# What is being asked
Retype every line of the data, keeping each word exactly.

# Dataset content
####################
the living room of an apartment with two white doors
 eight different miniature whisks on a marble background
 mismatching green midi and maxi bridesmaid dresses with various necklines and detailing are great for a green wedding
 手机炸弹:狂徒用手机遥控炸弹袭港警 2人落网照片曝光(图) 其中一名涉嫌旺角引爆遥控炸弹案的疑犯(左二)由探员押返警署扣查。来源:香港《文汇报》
####################
# Expected answer
the living room of an apartment with two white doors
 eight different miniature whisks on a marble background
 mismatching green midi and maxi bridesmaid dresses with various necklines and detailing are great for a green wedding
 手机炸弹:狂徒用手机遥控炸弹袭港警 2人落网照片曝光(图) 其中一名涉嫌旺角引爆遥控炸弹案的疑犯(左二)由探员押返警署扣查。来源:香港《文汇报》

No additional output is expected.